I don't follow. Does anyone have a good example of applying this rule of thumb?
Here's how I get it :
MovePiece() on ChessBoard aggregate => user's responsibility. The action should all take place in one transaction contained within the ChessBoard boundary.
DecideGameOver() on ChessGame aggregate => system's responsibility.
Some handler subscribes to ChessBoard's PieceMoved events and
delegates to the ChessGame aggregate for it to decide if the game is
over. We can tolerate a delay between the final move being made on
the Board and when the Game aggregate is updated - it's eventual
consistency.
It's not a hard and fast rule though, more of an indicator generalized from observation of dozens of systems.
Suppose you've got two aggregates in your bounded context which have some constraints amongst each other. Using DDD these inter aggregate constraints can't be enforced in the same transaction i.e. the aggregate boundaries are transactional boundaries.
Would you consider using what in the Microsoft CQRS journey is called a "process manager" to coordinate two aggregates in the same bounded context or is a process manager only used to coordinate between two bounded contexts? What would the equivalent of a process manager that coordinates two or more aggregate roots within the same bounded context be?

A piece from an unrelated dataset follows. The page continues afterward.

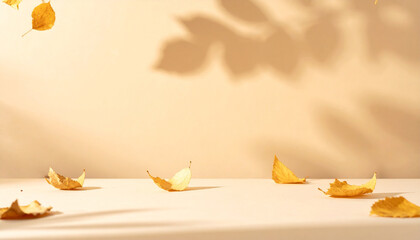 Minimal autumn background with warm beige tones, scattered golden leaves, soft shadows, neutral flat surface with copy space, perfect for Instagram posts, product placement, or modern seasonal ads.
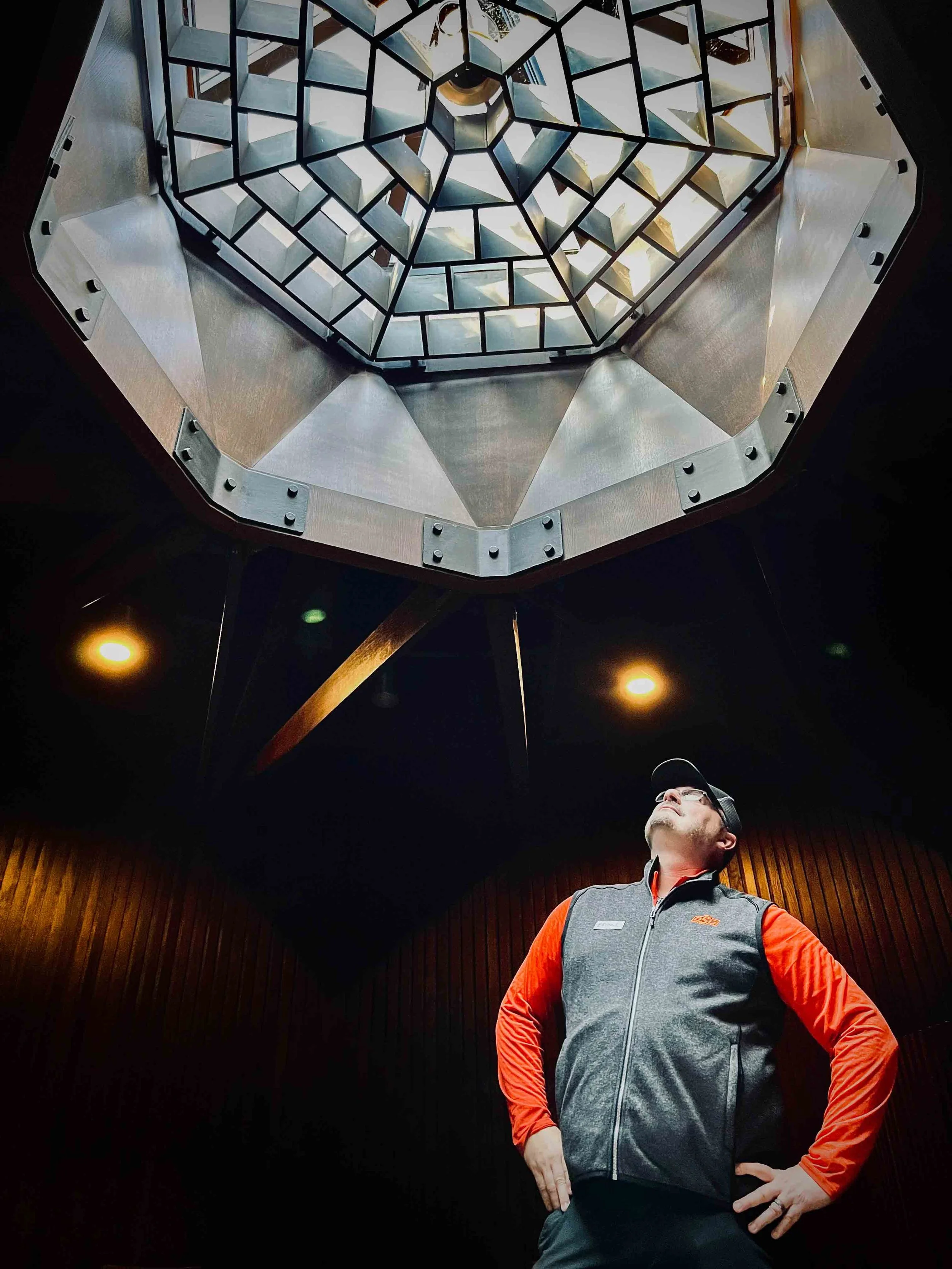A man wearing glasses, a gray vest over an orange shirt, and a cap looks up at an ornate, geometric chandeliers hanging from a dark ceiling in a dimly lit room with wooden walls.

An aggregate root defines a bounded context by default, albeit a lower level one (btw the lowest level bounded context you can find is an object, any object). The process manager is the name they used instead of a saga, proabably you can come up with other names too, it doesn't matter, they all have the same purpose.
And yes, I would consider using a saga to achieve eventual consistency. In fact, I think this is the best way and this is exactly what I'm doing in my own apps. Anyway, I'm using a message driven architecture (yes, in a local, non-distributed application) and I have automatically saga support via the service bus (my own, not released yet).
What is important when dealing with eventual consistency is to ensure idempotency everywhere. That is the aggregate roots should reject a duplicate operation and of course the event handler should be able to cope with the fact that the same event can be published more than once. However, be aware that you can't guarantee 100% idempotency but you can get very close to.